Les alizés in French translated the trade wind is a warm, humid wind near the equator, blowing steadily from east to west, rising and causing the formation of numerous cumulonimbus clouds.
Alizé is a 1980s Quebecois drink made with red fruits and slightly tangy with lime.
Les Alizés is a French troupe of flying trapeze artists from the mid-20th century, whose motto "Nothing is impossible" leads them to perform in the most prestigious European big tops.
Alizé is, above all, a little bit of all of these things. French living in Quebec. A circus performer since a young age, she swings from trapeze to trapeze whenever gravity challenges her. With two trapeze artists as parents, there was no doubt about it; they taught her the art and the love of high-flying.

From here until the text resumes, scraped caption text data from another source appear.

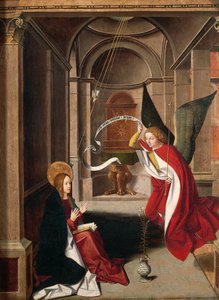 Verkündigung, von Josse Lieferinxe (gestorben vor 1508), (Detail) von Josse (fl.1493 1508) Lieferinxe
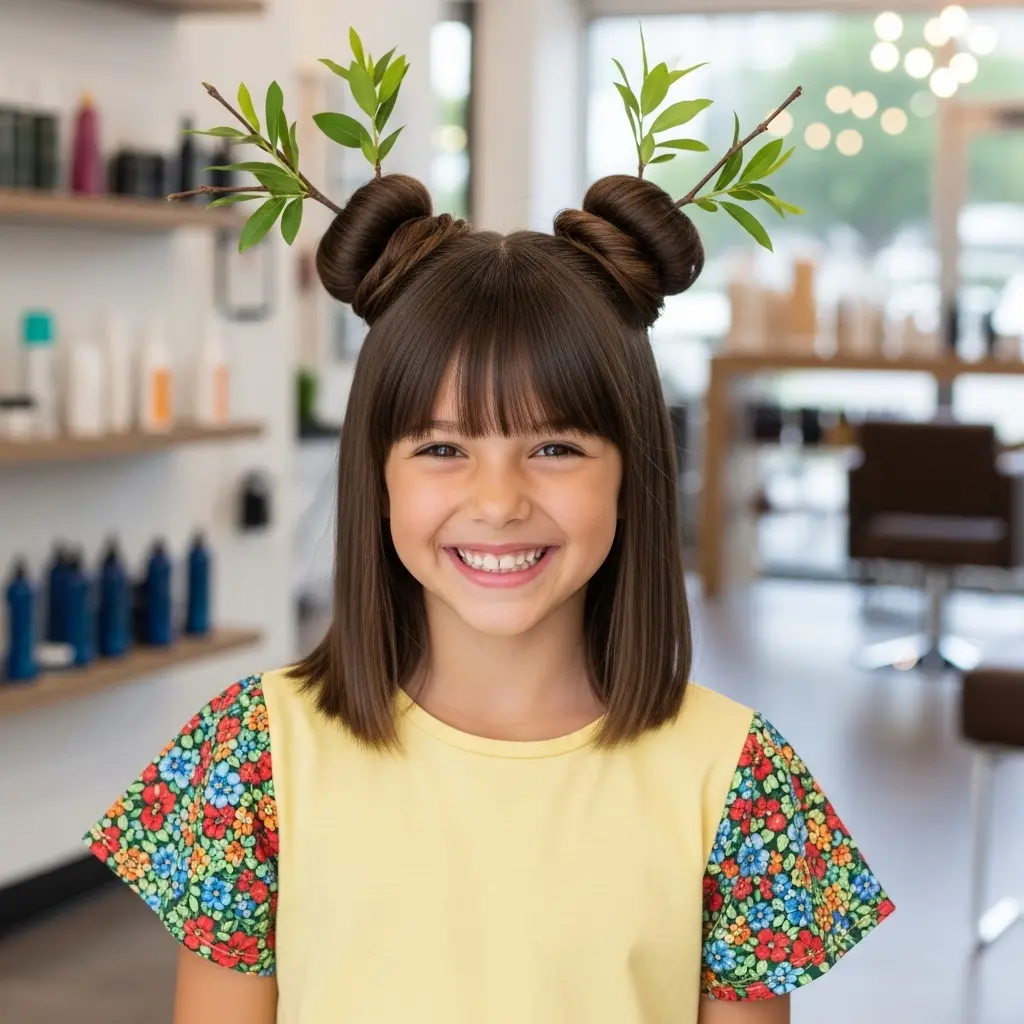#20 Nature-Inspired Twisted Buns with Floral Accents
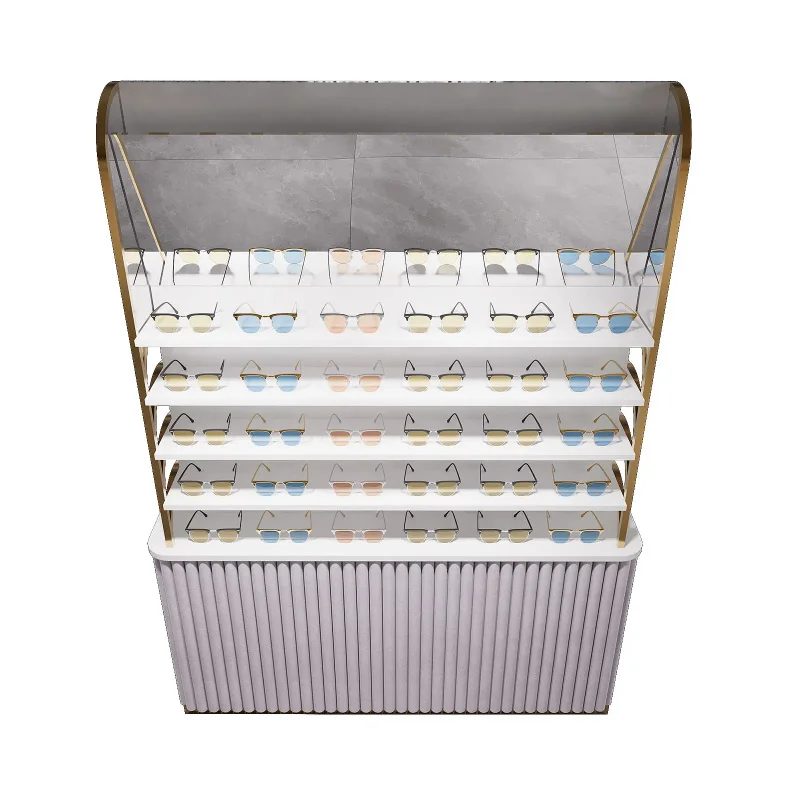 custom.High-end optical display cabinet, purple sunglasses display cabinet, modern display cabinet with mirror, eyeglass s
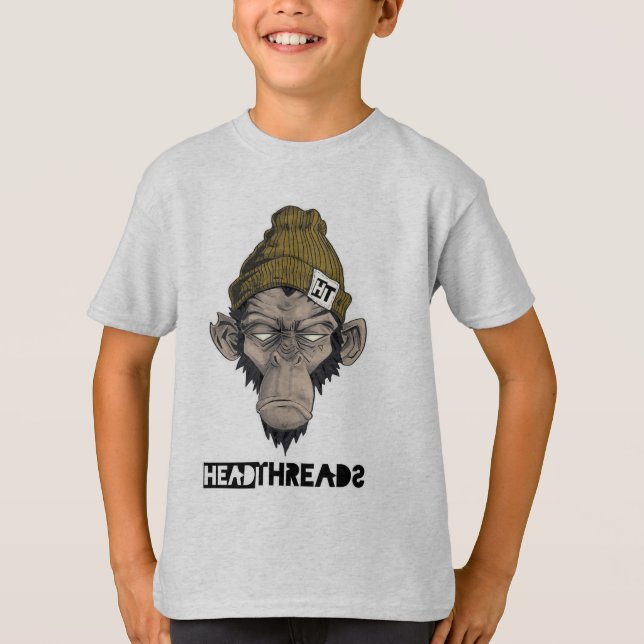 T-shirt graphique de singe funky pour hommes et fe (Devant)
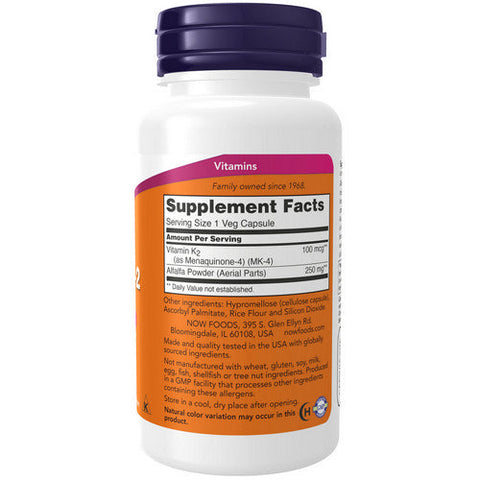 Now Foods, Vitamin K-2, 100 mcg, 100 Vcaps Now Foods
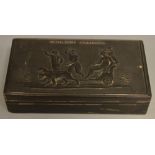 A French Empire pressed horn rectangular snuff box,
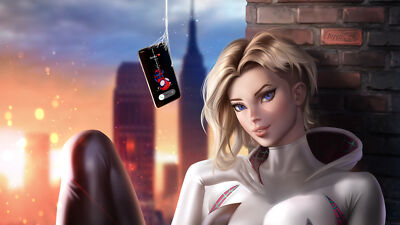 Superheroes spiderman into the spider verse gwen Stitched Gaming Mat Desk 17081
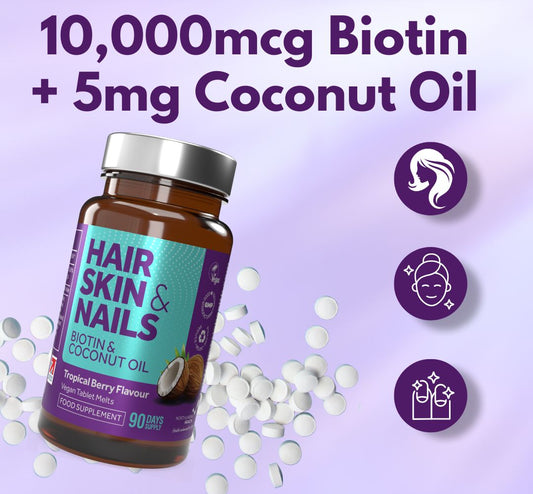 Biotin and Coconut Oil vegan melts bottle with white tablets on a purple background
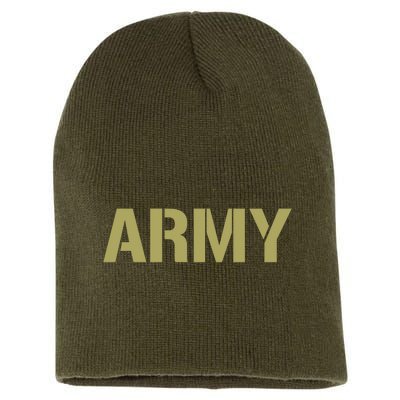 Army Logo Vintage Thin Line American Flag Back And Front Short Acrylic Beanie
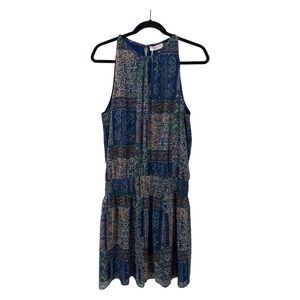 Ramy Brook Patchwork Printed Paris Dress Women’s Large Blue Sleeveless Mini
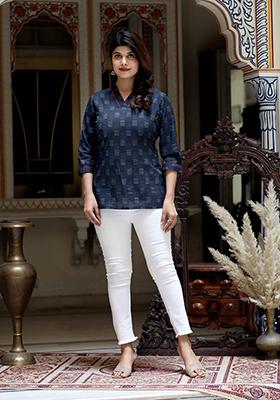 Blue Printed Cotton Short Kurta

Having grown up surrounded by large flying trapeze companies, the collective is, for her, the key to the success of all these projects. Traveling across Europe as part of contracts with her company, Tout Fou To Fly, as a child, she was accustomed to the stage from a very young age. She performed her first solo shows at the age of 7 on her static trapeze.
Eventually based on the French Riviera, she continued her studies there alongside extensive acrobatic training at the circus school Tout Fou To Fly and Co., founded by her father, Jean-Michel Poitreau, as well as gymnastics, dance, and music at the National Conservatory. At 17, she joined the National Circus School of Rosny-sous-Bois, where the swinging trapeze became her preferred apparatus, and then the National Circus School of Montreal two years later. A skilled ground acrobat, she is particularly drawn to aerial disciplines, such as the flying trapeze, but also practices hand-to-hand, acrobatic cycling, lifts, and balances. Carrying a message committed to the representation of women on various stages around the world, she aims to challenge, through her solo swinging trapeze acts and in synchro duets with her partner Malou Latrompette, their ability to move through the air in an unusual way and to produce extremely complex technical elements.